L’attitude de l’homme grave, sans accuser l’abattement de la défaite, n’avait point cette intime assurance qui caractérise les victorieux. L’œil mélancolique sous sa lunette d’or, la bouche ouverte par un sourire modeste, tout en lui trahissait l’auteur incompris qui n’a recueilli pour prix de ses efforts qu’un improductif et bâtard succès d’estime. — Le jury a admis des circonstances atténuantes, dit le magistrat en homme qui arrive au fait, sans circonlocutions.

— C’est en vérité incompréhensible après votre superbe réquisitoire, car, sans flatterie aucune, vous vous êtes élevé ce matin à la plus haute éloquence, dit Cassius.

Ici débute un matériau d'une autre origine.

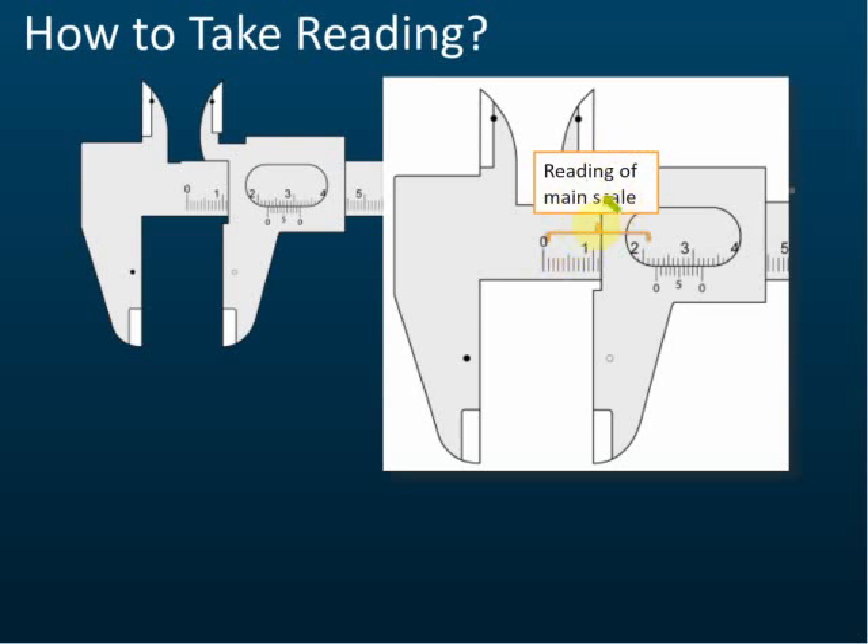The reading of the main scale is read from the zero mark of the main scale to the zero mark of the vernier scale — from here to here. Some students think the reading of the main scale is about 1.1 cm, but that's not correct. The reading of the main scale must be taken from the zero mark of the vernier scale.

— Et cette infortunée n’est pas morte de honte et de remords? interrompit la comtesse.

— Des circonstances atténuantes! répéta machinalement Marmande.

— Voulez-vous dîner, monsieur Desbois? dit Kervey, qui n’accordait qu’un médiocre intérêt au sort de la condamnée.

— Mille remerciemens, c’est fait, répondit l’homme grave en s’approchant de la cheminée.

— Et comment vous expliquez-vous ce prodigieux verdict? repartit Jeanicot, qui ne pouvait s’empêcher de ressentir vivement l’échec éprouvé par son ami.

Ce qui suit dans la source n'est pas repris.